▶ [Exercise goal]:
With the pictures removed, write out the data below exactly.

++++ Given material ++++

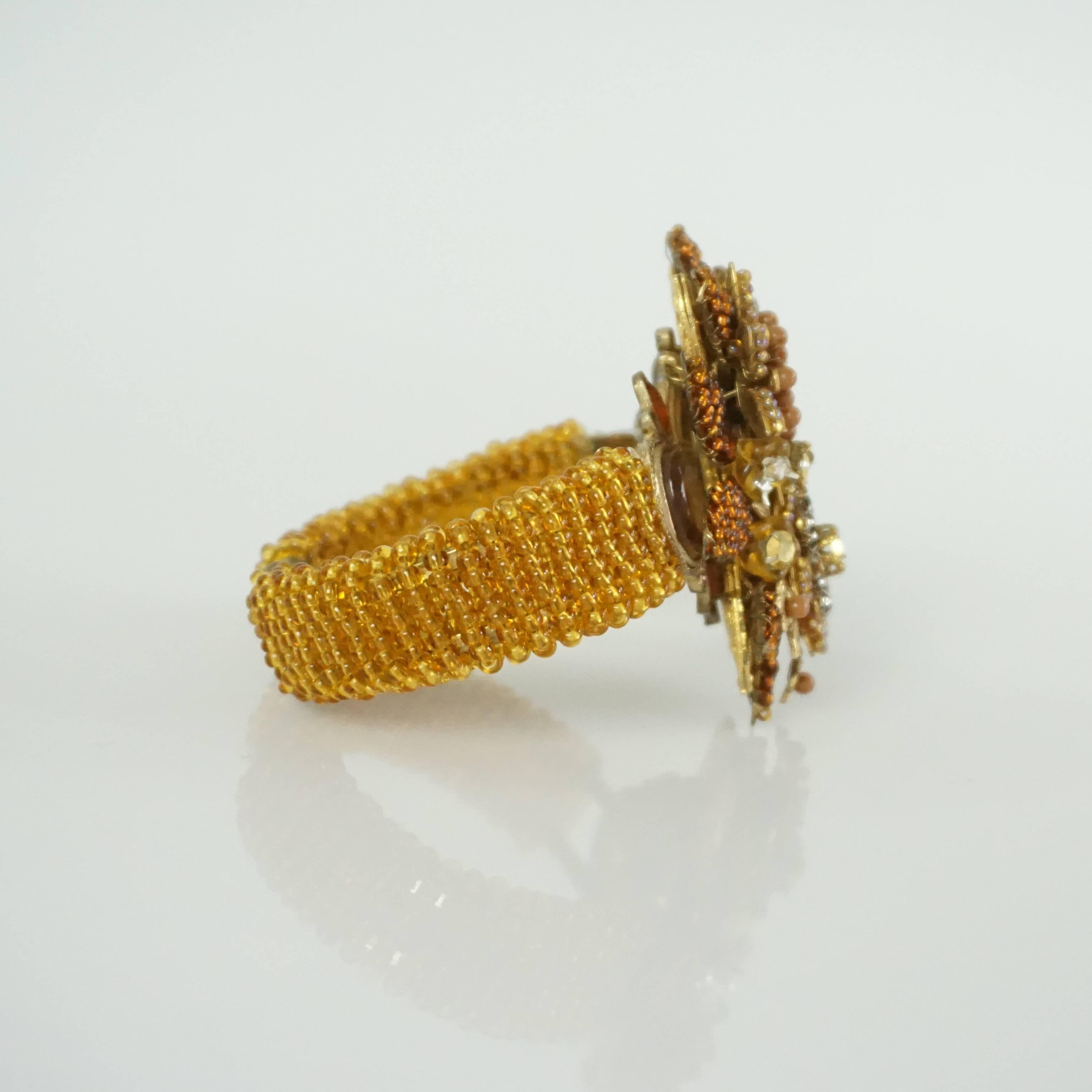 This Stanley Hagler bracelet has beads in an amber color creating a floral design. The band is covered in beads also. This bracelet is in excellent condition with discoloration on the inner metal. 

Measurements
Width of band: 0.75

++++

▶ [Task solution]:
 This Stanley Hagler bracelet has beads in an amber color creating a floral design. The band is covered in beads also. This bracelet is in excellent condition with discoloration on the inner metal. 

Measurements
Width of band: 0.75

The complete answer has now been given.